The production design of “Under Control/Utter Chaos” works well to set the tone of each scene. The show’s intricate lighting, designed by Dora Ivkovich ’24, makes extensive use of spotlights to visually highlight characters’ moments of loneliness or panic. The scenic design by Cam Parsons Muniz ’25 is also effective, using a minimalist set to cleverly place scenes in dorm rooms, a tennis court, and even a mock courthouse.

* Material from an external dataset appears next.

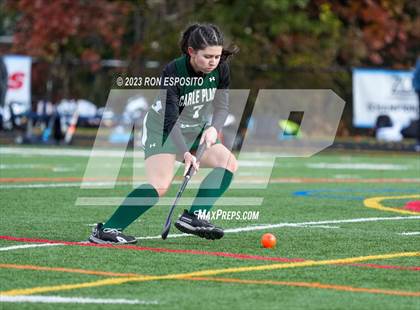 Thumbnail 3 in Carle Place vs Whitney Point (NYSPHSAA Class C Final) photogallery.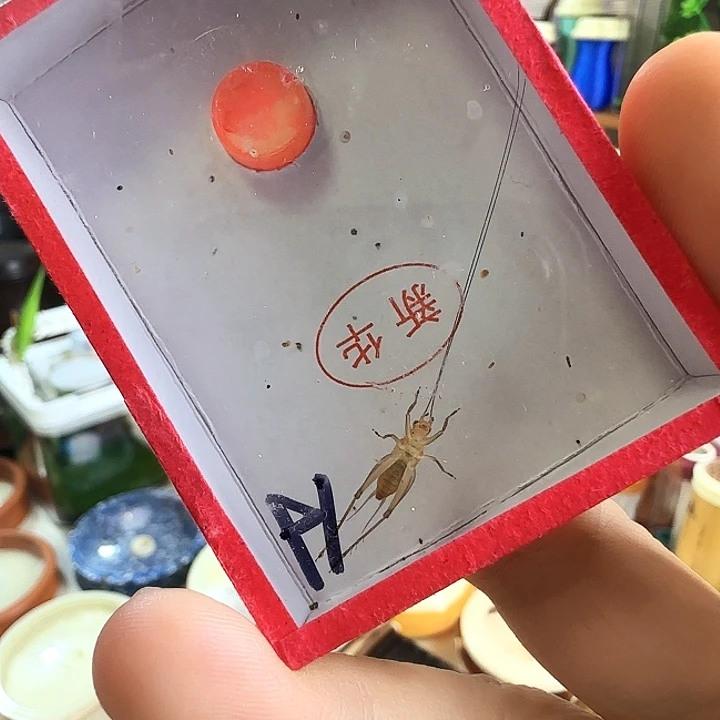 A大黄蛉一只啊啊啊啊啊啊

More than a few audience members walking into the Loeb Experimental Theater to see “Under Control/Utter Chaos” have likely questioned the ethics of putting on such a play. The show knows this, and it takes the moral gray areas of its existence in stride. The play’s second act ventures into meta-commentary on satire, including multiple scenes in which Richard confronts the Narrator about her — or, the playwright’s — motivations for telling this story. She never gives a straight answer. “Under Control/Utter Chaos” is a quietly uncomfortable story to watch — and, as Richard points out, to act out — which proves its artistic brilliance. What begins as a comedic take on an infamous piece of Harvard history evolves into a meditation on the moral responsibilities of theatre itself.

The third act takes these gestures at self-reference and runs with them, driving the show to a resounding finish. Actors shed their previous roles to step into entirely new ones, the fourth wall is broken multiple times, and the audience is never quite sure what they’re watching until the lights dim for the last time. It’s a bold, successful final twist in a play whose ending is believed by the audience to be already known.

“Under Control/Utter Chaos” is a triumph. It’s a thought-provoking satire that forces the audience to sit with uncomfortable feelings. It masters the tricky balance of portraying the pointless intensity of student government drama alongside serious topics such as racism and hate speech. And ultimately, it’s a tribute to the Harvard experience — in the strangest way possible.